Re: Flink missing Kafka records

2021-04-26 Thread Dan Hill
Hey Robert.

Nothing weird.  I was trying to find recent records (not the latest).  No
savepoints (just was running about ~1 day).  No checkpoint issues (all
successes).  I don't know how many are missing.
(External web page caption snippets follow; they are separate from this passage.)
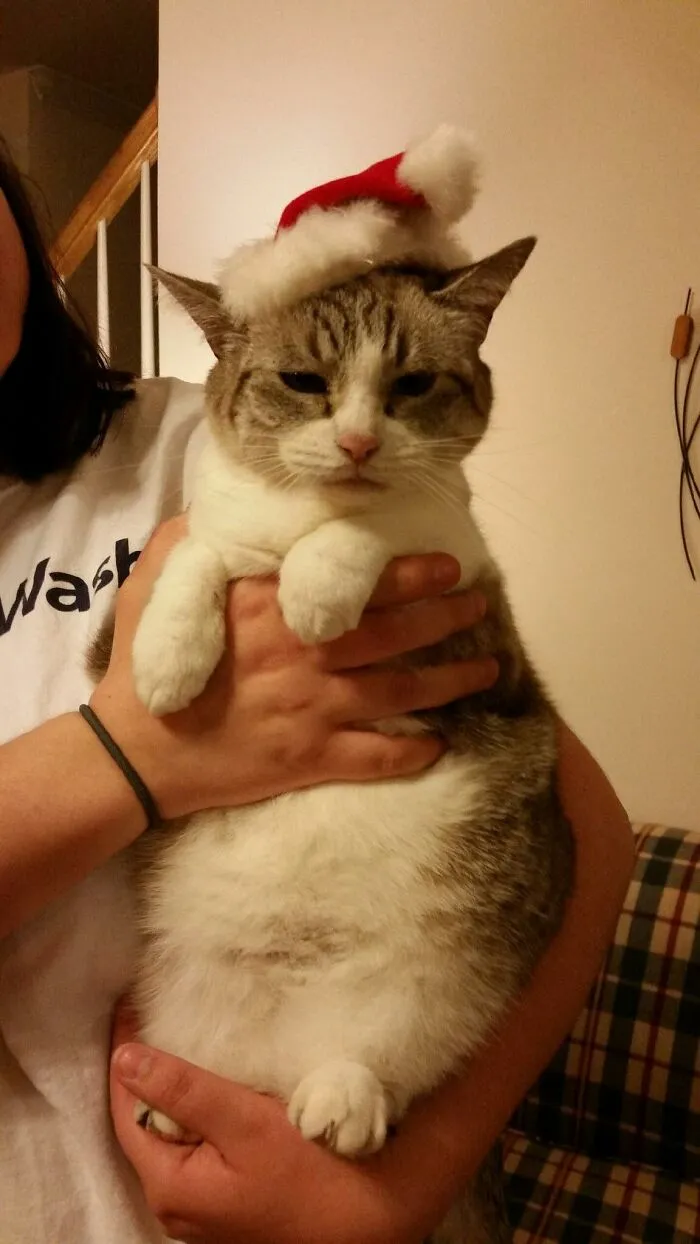 32 Ameowsing Pics Of Stuff On Cats That Might Make You An Instant Fan Of Felines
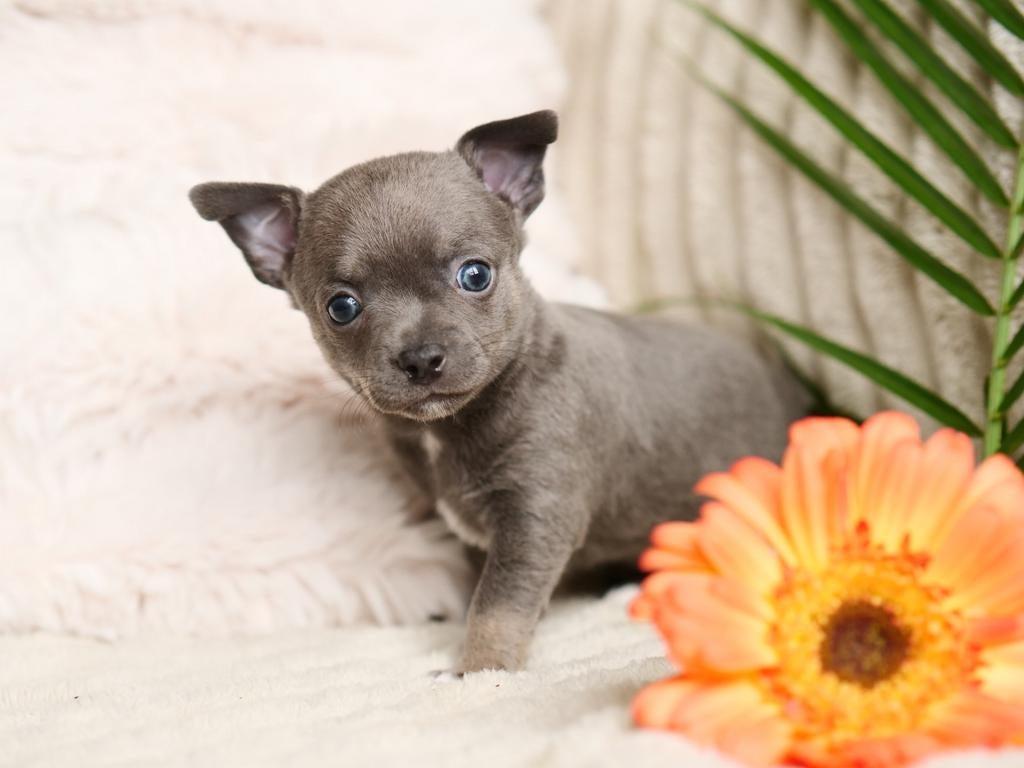 🩵 Lief chihuahua pup puppy mag nestje verlaten 🩵, Dieren en Toebehoren, Honden | Chihuahua's en Gezelschapshonden, Reu, 8 tot 15 weken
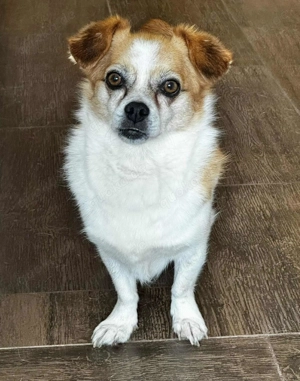 Lotti - kleine, sanfte Hündin sucht ländliches Zuhause Bild 3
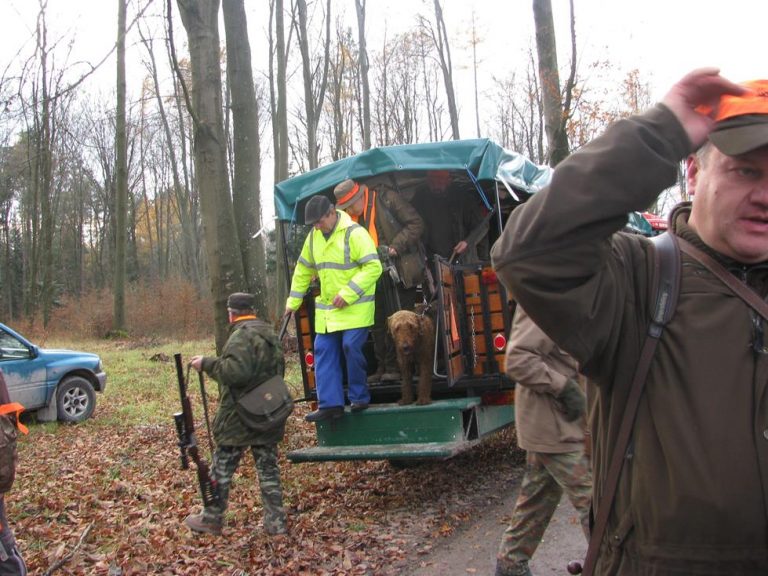 Ogólnopolski Konkurs Psów Dzikarzy w Naturalnych Warunkach 19.11.2016r.  -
I removed the withIdleness. The other parts are very basic.  The text logs
look pretty useless.

On Mon, Apr 26, 2021 at 11:07 AM Robert Metzger  wrote:

> Hi Dan,
>
> Can you describe under which conditions you are missing records (after a
> machine failure, after a Kafka failure, after taking and restoring from a
> savepoint, ...).
> Are many records missing? Are "the first records" or the "latest records"
> missing? Any individual records missing, or larger blocks of data?
>
> I don't think that there's a bug in Flink or the Kafka connector. Maybe
> its just a configuration or systems design issue.
>
>
> On Sun, Apr 25, 2021 at 9:56 AM Dan Hill  wrote:
>
>> Hi!
>>
>> Have any other devs noticed issues with Flink missing Kafka records with
>> long-running Flink jobs?  When I re-run my Flink job and start from the
>> earliest Kafka offset, Flink processes the events correctly.  I'm using
>> Flink v1.11.1.
>>
>> I have a simple job that takes records (Requests) from Kafka and
>> serializes them to S3.  Pretty basic.  No related issues in the text logs.
>> I'm hoping I just have a configuration issue.  I'm guessing idleness is
>> working in a way that I'm not expecting.
>>
>> Any ideas?
>> - Dan
>>
>>
>> void createLogRequestJob(StreamExecutionEnvironment env) throws Exception
>> {
>>
>>   Properties kafkaSourceProperties =
>> getKafkaSourceProperties("logrequest");
>>
>>   SingleOutputStreamOperator rawRequestInput = env.addSource(
>>
>> new FlinkKafkaConsumer(getInputRequestTopic(),
>> getProtoDeserializationSchema(Request.class), kafkaSourceProperties))
>>
>>   .uid("source-request")
>>
>>   .name("Request")
>>
>>   .assignTimestampsAndWatermarks(
>>
>>
>> WatermarkStrategy.forBoundedOutOfOrderness(maxOutOfOrderness).withIdleness(Duration.ofMinutes(1)));
>>
>>
>>   executeLogRequest(rawRequestInput);
>>
>>   env.execute("log-request");
>>
>> }
>>
>>
>> void executeLogRequest(SingleOutputStreamOperator
>> rawRequestInput) {
>>
>>   AvroWriterFactory factory =
>> getAvroWriterFactory(Request.class);
>>
>>   rawRequestInput.addSink(StreamingFileSink
>>
>>   .forBulkFormat(new Path(getS3OutputDirectory(), "raw/request"),
>> factory)
>>
>>   .withBucketAssigner(new DateHourBucketAssigner(request ->
>> request.getTiming().getEventApiTimestamp()))
>>
>>   .withRollingPolicy(OnCheckpointRollingPolicy.build())
>>
>>   .withOutputFileConfig(createOutputFileConfig())
>>
>>   .build())
>>
>> .uid("sink-s3-raw-request")
>>
>> .name("S3 Raw Request");
>>
>> }
>>
>>
>>
>>


Re: Flink missing Kafka records

2021-04-26 Thread Robert Metzger
Hi Dan,

Can you describe under which conditions you are missing records (after a
machine failure, after a Kafka failure, after taking and restoring from a
savepoint, ...).
Are many records missing? Are "the first records" or the "latest records"
missing? Any individual records missing, or larger blocks of data?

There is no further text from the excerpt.